» **YOUR ASSIGNMENT**:
Could you copy every record below exactly, leaving out the pictures?

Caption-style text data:
*** Begin section ***

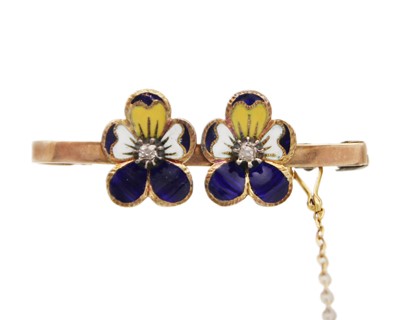 Lot 229 - A gold and enamel old mine-cut diamond set bar brooch, applied with double pansy flower heads.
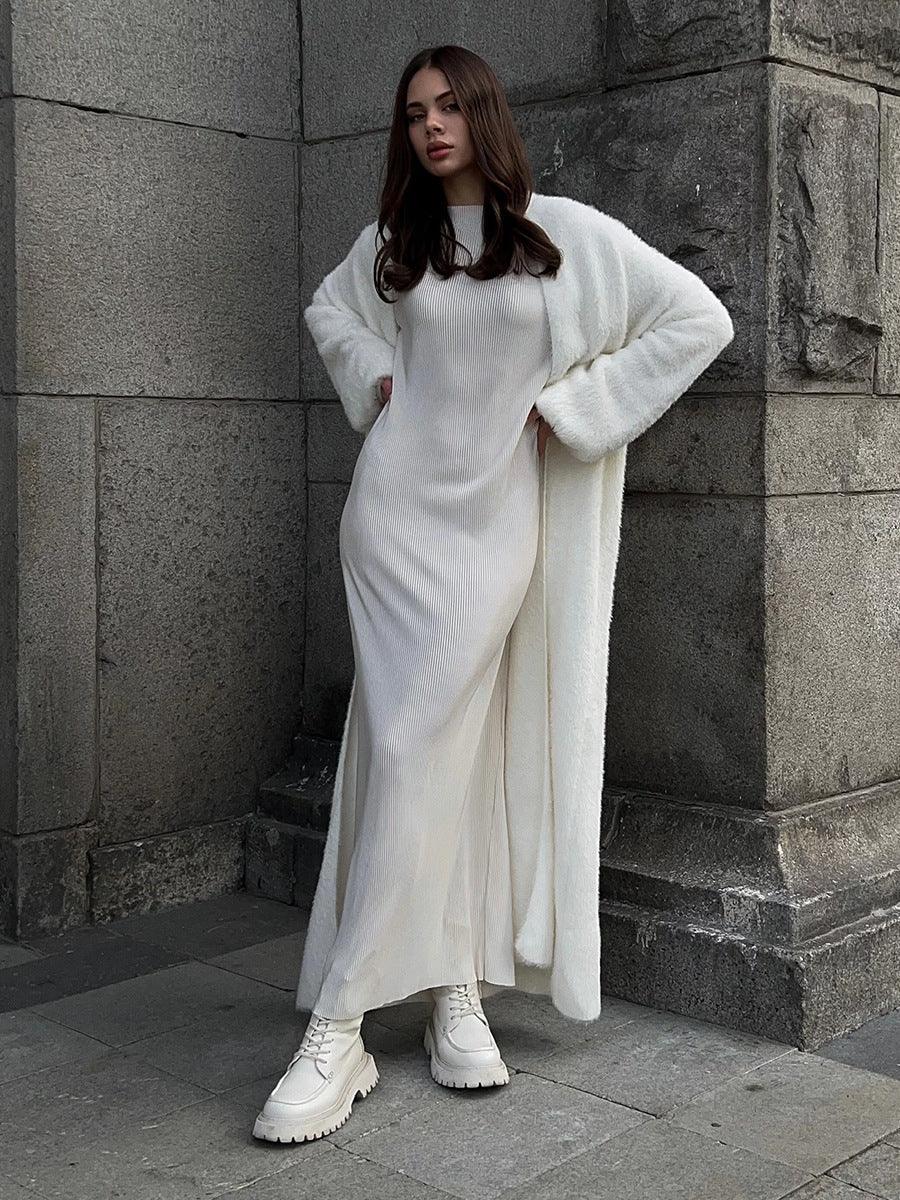 Woman wearing a long white fuzzy knit cardigan over a white ribbed dress and white boots, posing against a stone building.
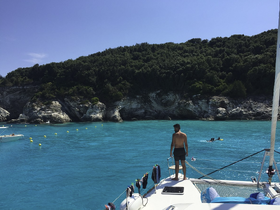 A person stands on the deck of a catamaran, overlooking a vibrant turquoise bay where others are enjoying swimming and snorkeling — a perfect day for water activities.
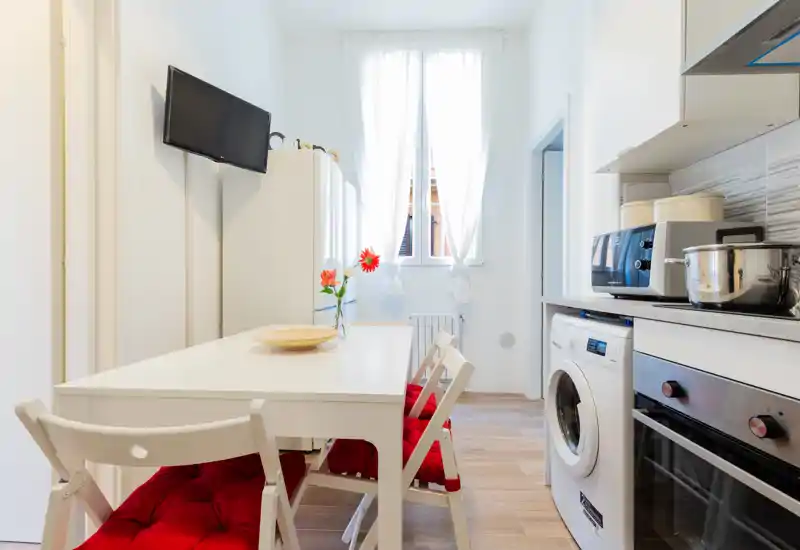 Bright, compact eat-in kitchen with white furnishings, a table with red-cushioned chairs, built-in appliances and a window providing natural light.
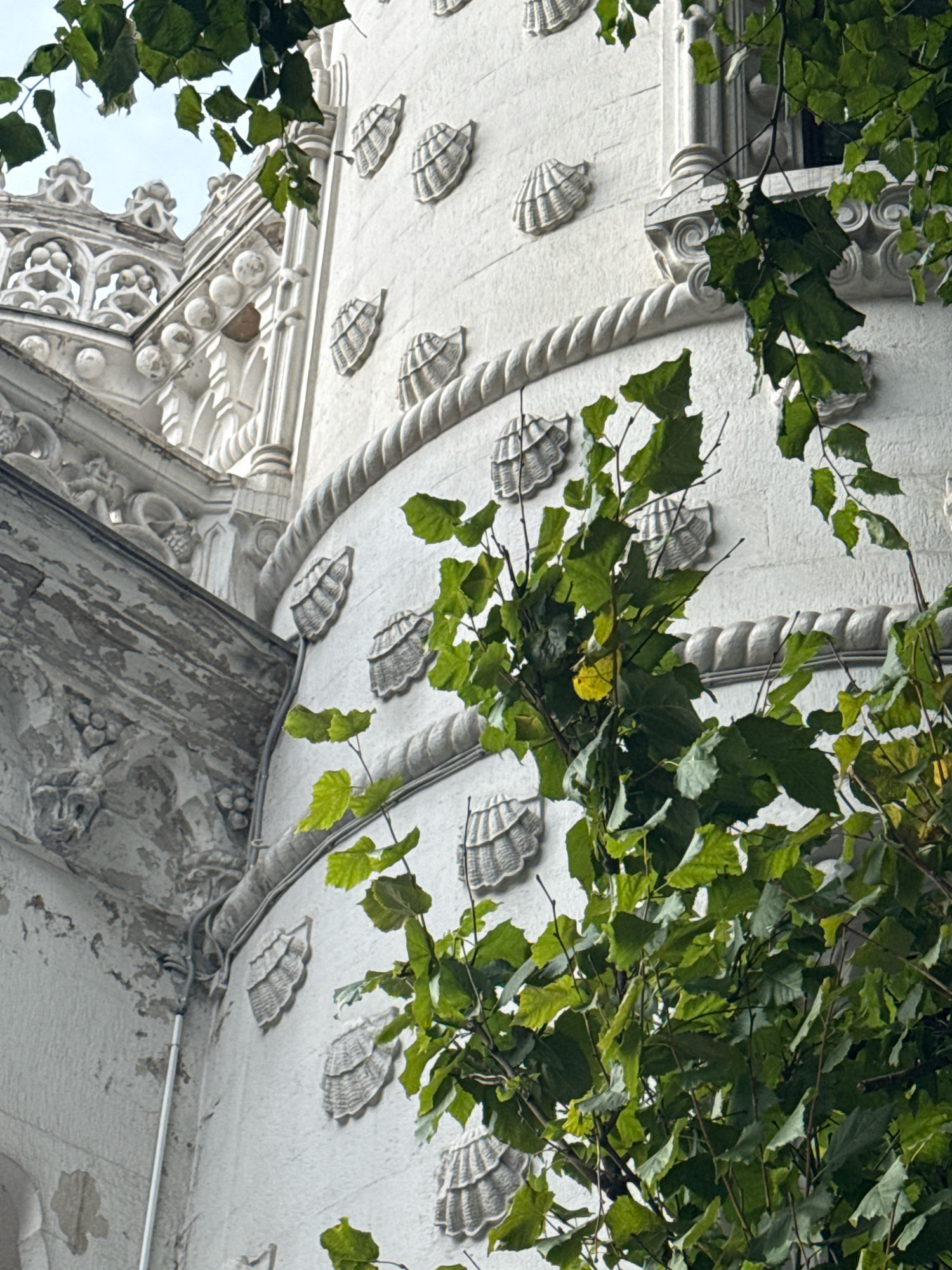 An exterior, eye-level, medium shot shows a white, ornate building facade with shell-shaped embellishments and a rope-like trim, partially obscured by lush green foliage. The building's architecture is intricate, featuring decorative carvings and columns. The sky above is a pale, overcast grey. The scene is static and no people are present.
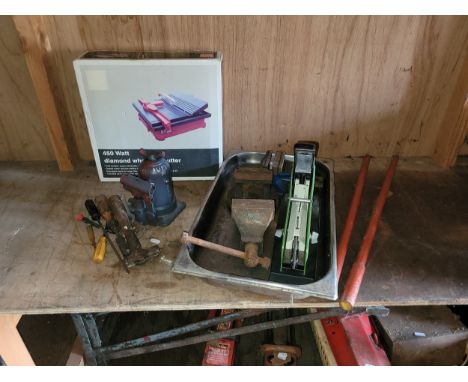 Diamond wheeled tile cutter, hand jack, large stapler, also 2 x Record bench vice. 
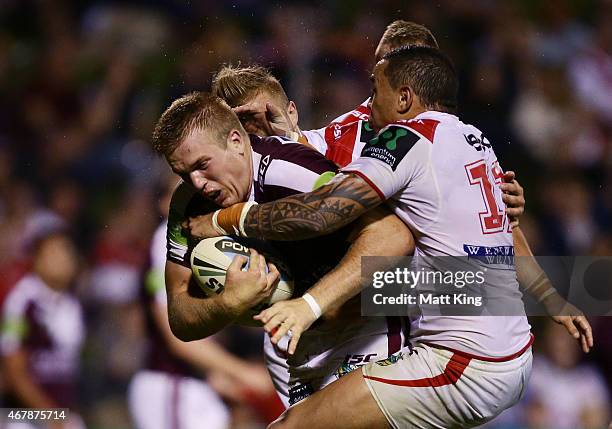 Jake Trbojevic of the Sea Eagles is tackled during the round four NRL match between the St George Illawarra Dragons and the Manly Warringah Sea...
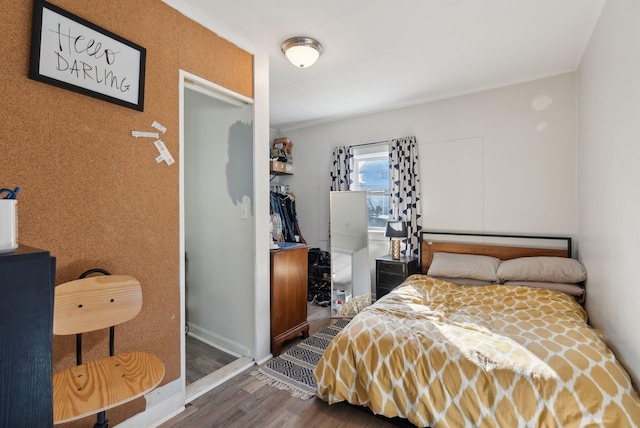 bedroom featuring dark hardwood / wood-style floors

*** End section ***

» **WRITTEN RESPONSE**:
 Lot 229 - A gold and enamel old mine-cut diamond set bar brooch, applied with double pansy flower heads.
 Woman wearing a long white fuzzy knit cardigan over a white ribbed dress and white boots, posing against a stone building.
 A person stands on the deck of a catamaran, overlooking a vibrant turquoise bay where others are enjoying swimming and snorkeling — a perfect day for water activities.
 Bright, compact eat-in kitchen with white furnishings, a table with red-cushioned chairs, built-in appliances and a window providing natural light.
 An exterior, eye-level, medium shot shows a white, ornate building facade with shell-shaped embellishments and a rope-like trim, partially obscured by lush green foliage. The building's architecture is intricate, featuring decorative carvings and columns. The sky above is a pale, overcast grey. The scene is static and no people are present.
 Diamond wheeled tile cutter, hand jack, large stapler, also 2 x Record bench vice. 
 Jake Trbojevic of the Sea Eagles is tackled during the round four NRL match between the St George Illawarra Dragons and the Manly Warringah Sea...
 bedroom featuring dark hardwood / wood-style floors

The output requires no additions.